Increased mtDNA mutation frequency in oocytes causes epigenetic alterations and embryonic defects.

Mitochondria are essential for female reproductive processes, yet the function of mitochondrial DNA (mtDNA) mutation in oocytes remains elusive. By employing an mtDNA mutator (Polg m ) mouse model, we found the fetal growth retardation and placental dysfunction in post-implantation embryos derived from Polg m oocytes. Remarkably, Polg m oocytes displayed the global loss of DNA methylation; following fertilization, zygotic genome experienced insufficient demethylation, along with dysregulation of gene expression. Spindle-chromosome exchange experiment revealed that cytoplasmic factors in Polg m oocytes are responsible for such a deficient epigenetic remodeling. Moreover, metabolomic profiling identified a significant reduction in the α-ketoglutarate (αKG) level in oocytes from Polg m mice.
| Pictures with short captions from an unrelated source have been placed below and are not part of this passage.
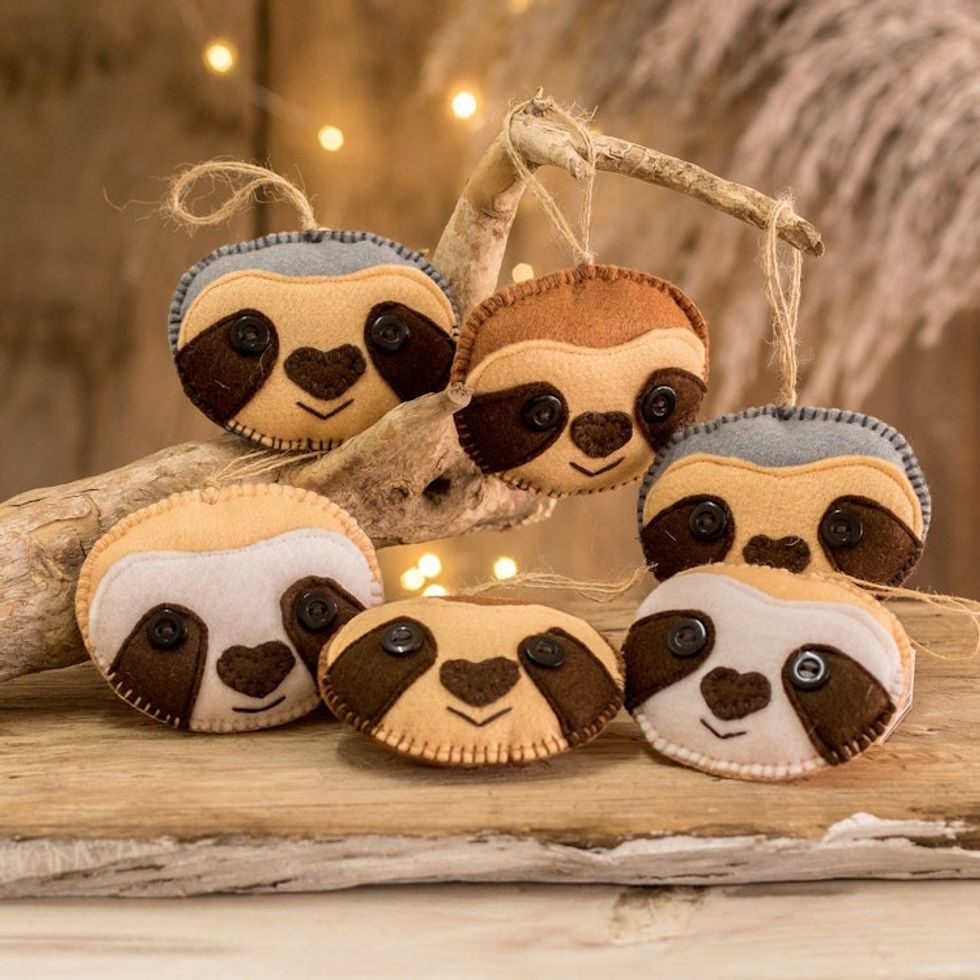 Set of 6 Handcrafted Felt Ornaments of Adorable Sloths 'Sleepy Smiles'
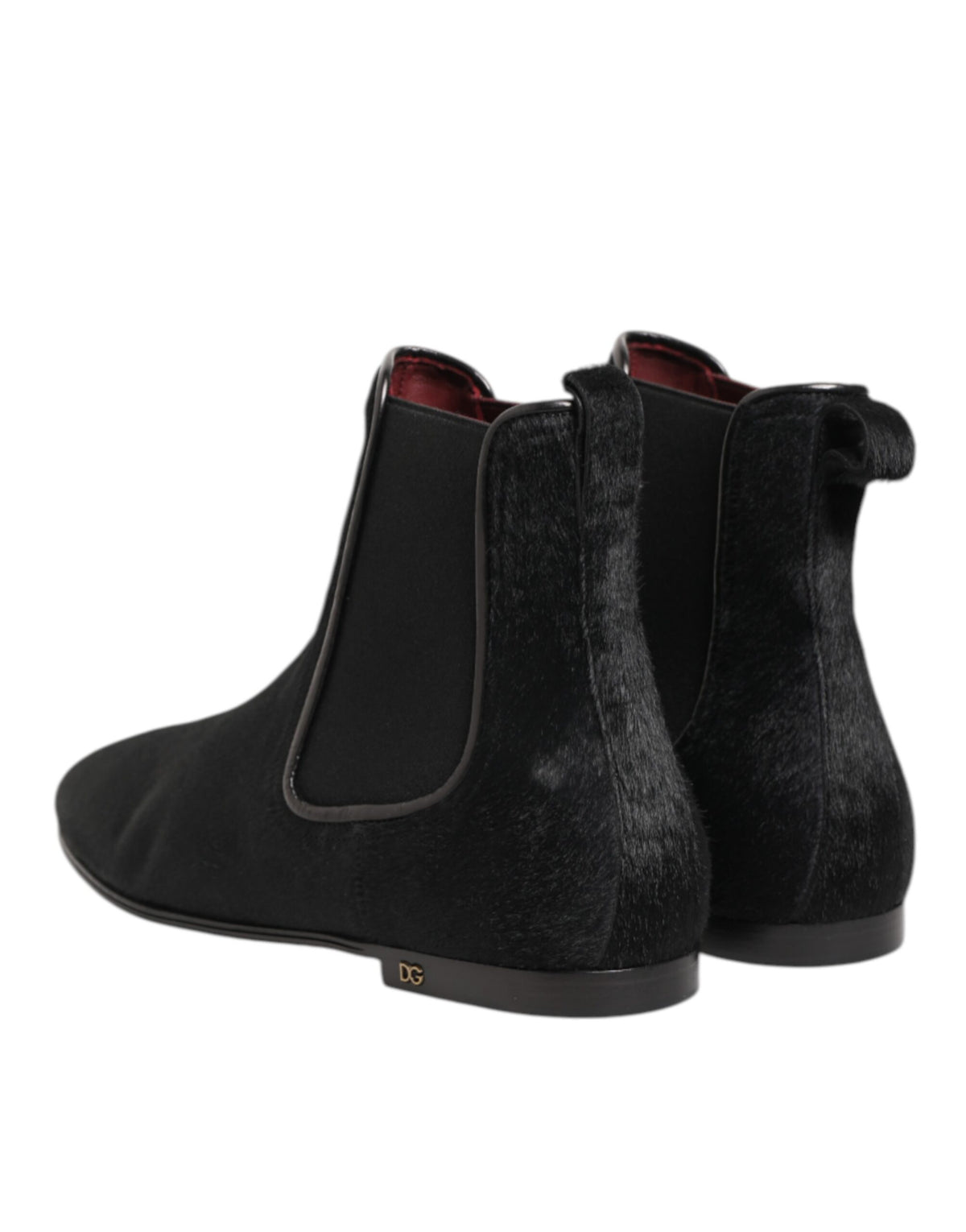 Dolce & Gabbana Men's Plush Calf Leather & Fur Ankle Chelsea Boots - Black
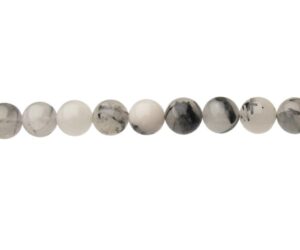 tourmalinated quartz 10mm round beads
Importantly, αKG supplement restored both DNA methylation state and transcriptional activity in Polg m embryos, consequently preventing the developmental defects. Our findings uncover the important role of oocyte mtDNA mutation in controlling epigenetic reprogramming and gene expression during embryogenesis. αKG deserves further evaluation as a potential drug for treating mitochondrial dysfunction-related fertility decline.